You are making a mistake in booking your work travel on booking.com. Booking.com takes a cut out of the rate and therefore the hotel is not really interested in helping you.
The best way is to book directly with chain hotels. (Almost all the chain hotels guarantee that the rate they offer directly cannot be beaten by buying the same room elsewhere.) The advantages are, first, you get points that you can spend on your own leisure stays. Second, you get status points for each night. Third, if you already have status with the chain, this will be recognized, which it will not be if you buy from booking.com.
Once you have stayed ten nights or so, the chain will know that your business is of value to them, and therefore the hotel will, 99% of the time, put you in a good room.
So to answer your question, "how are the rooms allocated?": the hotel will know that a frequent customer is checking in later, therefore it is important to ensure that customer gets a good room. If the hotel has oversold the cheaper rooms, then our regular customer will be first in line to be upgraded to a better room, to make room for the booking.com customers.
(Yes; of course you should interact with the receptionist. If you are in Vegas, throw in a 40 USD "tip" will often get you a very nice upgrade. But I would not try that in Europe.)
I do most of my travel in IHG hotels (Crowne Plaza, Holiday Inn, Holiday Inn Express, Hotel Indigo). Through this, I have IHG Platinum status.
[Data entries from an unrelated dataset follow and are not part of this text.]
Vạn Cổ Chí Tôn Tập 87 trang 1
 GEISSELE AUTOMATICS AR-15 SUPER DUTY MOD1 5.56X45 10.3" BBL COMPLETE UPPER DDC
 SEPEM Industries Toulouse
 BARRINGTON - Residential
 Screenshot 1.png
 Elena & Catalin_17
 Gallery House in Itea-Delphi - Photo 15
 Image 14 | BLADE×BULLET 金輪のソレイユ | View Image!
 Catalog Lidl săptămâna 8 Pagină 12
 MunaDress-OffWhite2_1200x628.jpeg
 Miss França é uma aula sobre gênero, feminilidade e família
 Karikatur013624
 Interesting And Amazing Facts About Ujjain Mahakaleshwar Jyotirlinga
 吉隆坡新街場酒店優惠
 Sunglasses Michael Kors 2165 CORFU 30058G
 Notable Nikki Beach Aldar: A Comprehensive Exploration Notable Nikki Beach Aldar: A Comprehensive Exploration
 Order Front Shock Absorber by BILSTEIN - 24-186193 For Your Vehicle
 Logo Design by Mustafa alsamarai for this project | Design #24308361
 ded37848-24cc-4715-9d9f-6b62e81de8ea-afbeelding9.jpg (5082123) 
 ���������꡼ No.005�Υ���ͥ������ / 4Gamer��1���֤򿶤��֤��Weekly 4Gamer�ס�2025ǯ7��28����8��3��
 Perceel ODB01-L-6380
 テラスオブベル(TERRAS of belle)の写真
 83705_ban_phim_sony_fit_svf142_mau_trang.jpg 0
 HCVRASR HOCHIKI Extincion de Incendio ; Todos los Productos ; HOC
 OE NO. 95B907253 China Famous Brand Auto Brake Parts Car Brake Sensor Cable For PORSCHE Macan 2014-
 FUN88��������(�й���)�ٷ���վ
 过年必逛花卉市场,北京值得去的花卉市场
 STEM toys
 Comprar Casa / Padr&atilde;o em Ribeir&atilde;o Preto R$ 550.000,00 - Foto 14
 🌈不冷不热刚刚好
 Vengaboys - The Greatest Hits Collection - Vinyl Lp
I usually buy the cheapest room available with a double bed; yet I am upgraded to a junior suite or a club room with I guess 60% rate. Very rarely do I get put into a terrible room. If this happens I ask to see the manager, and if that doesn't work, I complain to IHG central customer care!
IHG has its pluses and minuses, like all chains, so you should research what kind of prices and, in particular, locations you are willing to tolerate. There is usually a shortage of the cheaper Holiday Inn properties in the centre of major cities, for example. Club Accor has a good chain with a very wide selection: you can always count on an Ibis being in the centre of town. Hilton would be my number two choice though for other reasons I will not get into.
If you will not meet the 60 nights per year or so required to be a "serious" customer, you can jump to a reasonable status grade by taking out the appropriate credit card. I know, for instance, that the current UK-issued IHG Visa card comes with IHG Platinum status for £99 per year, and comes with a 60,000 point welcome bonus (probably worth £300 if spent carefully). American Express Platinum (UK edition) comes with a number of high-status hotel cards as well, but the annual fee is an eye-watering £450/year. However, if you are really travelling around a lot, it might be worth the downpayment to make your business life a bit easier.
(This is not financial advice, you should investigate the options carefully before taking out any kind of credit card.)